**PROBLEM DESCRIPTION**
From the listing below, give again exactly the lines from the line with "Chief Minister Chow" to the line with "广州大学附属中学副校长黄翠婉向同学们致出征词,期", ends included, without any pictures.

**** PROVIDED RECORDS ****

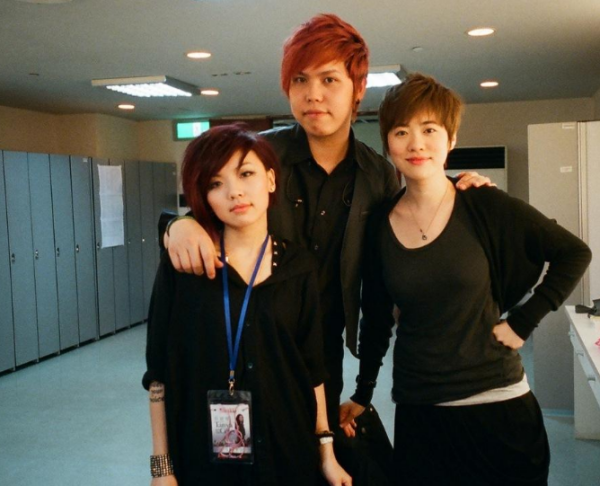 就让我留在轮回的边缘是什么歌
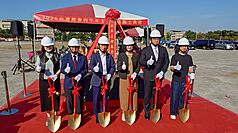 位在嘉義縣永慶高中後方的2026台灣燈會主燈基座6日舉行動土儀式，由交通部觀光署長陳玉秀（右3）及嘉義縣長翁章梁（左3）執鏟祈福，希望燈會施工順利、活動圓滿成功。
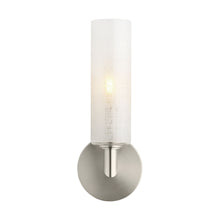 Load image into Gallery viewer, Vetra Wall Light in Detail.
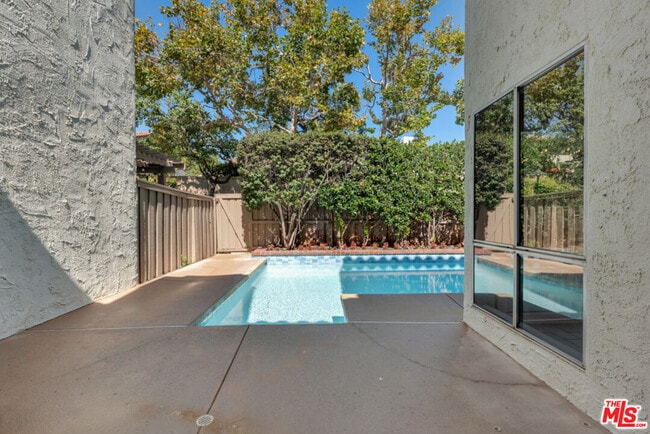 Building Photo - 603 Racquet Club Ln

****
**** PROVIDED RECORDS ****

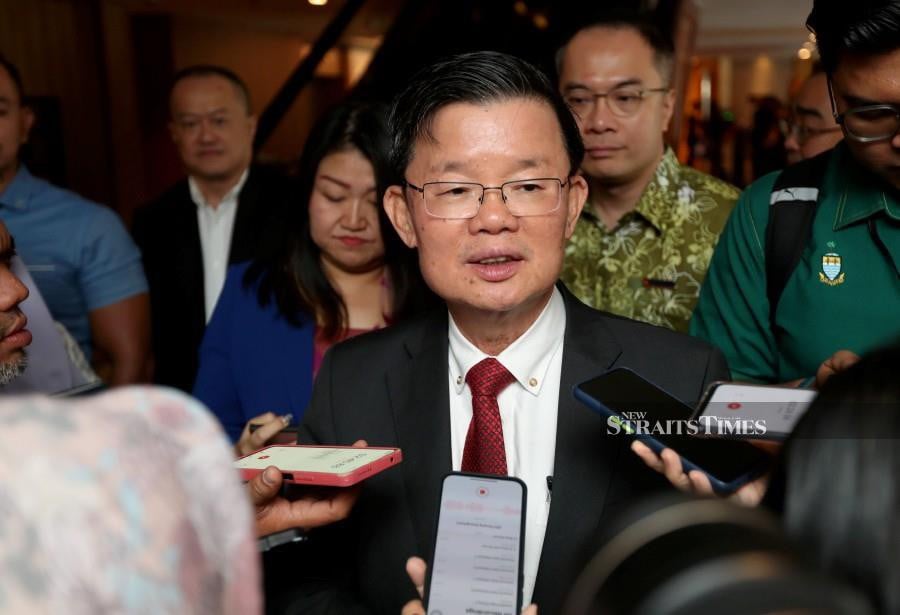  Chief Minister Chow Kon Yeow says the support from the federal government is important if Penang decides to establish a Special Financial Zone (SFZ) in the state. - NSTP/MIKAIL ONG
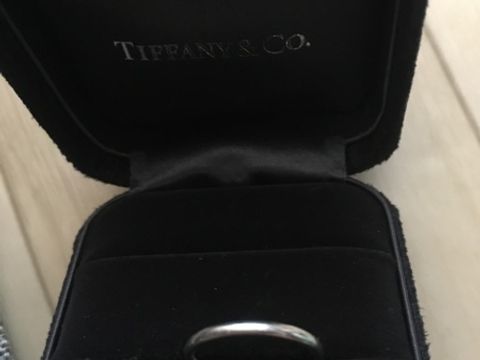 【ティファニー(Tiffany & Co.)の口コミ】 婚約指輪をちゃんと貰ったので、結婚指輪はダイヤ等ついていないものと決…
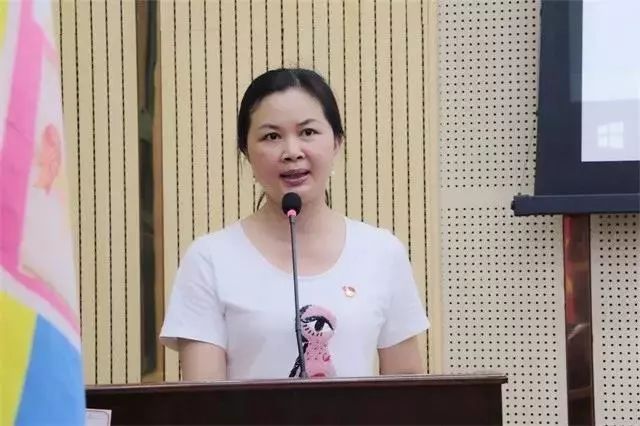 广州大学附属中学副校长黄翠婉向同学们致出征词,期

****

**OUTPUT OF THE TASK**
  Chief Minister Chow Kon Yeow says the support from the federal government is important if Penang decides to establish a Special Financial Zone (SFZ) in the state. - NSTP/MIKAIL ONG
 【ティファニー(Tiffany & Co.)の口コミ】 婚約指輪をちゃんと貰ったので、結婚指輪はダイヤ等ついていないものと決…
 广州大学附属中学副校长黄翠婉向同学们致出征词,期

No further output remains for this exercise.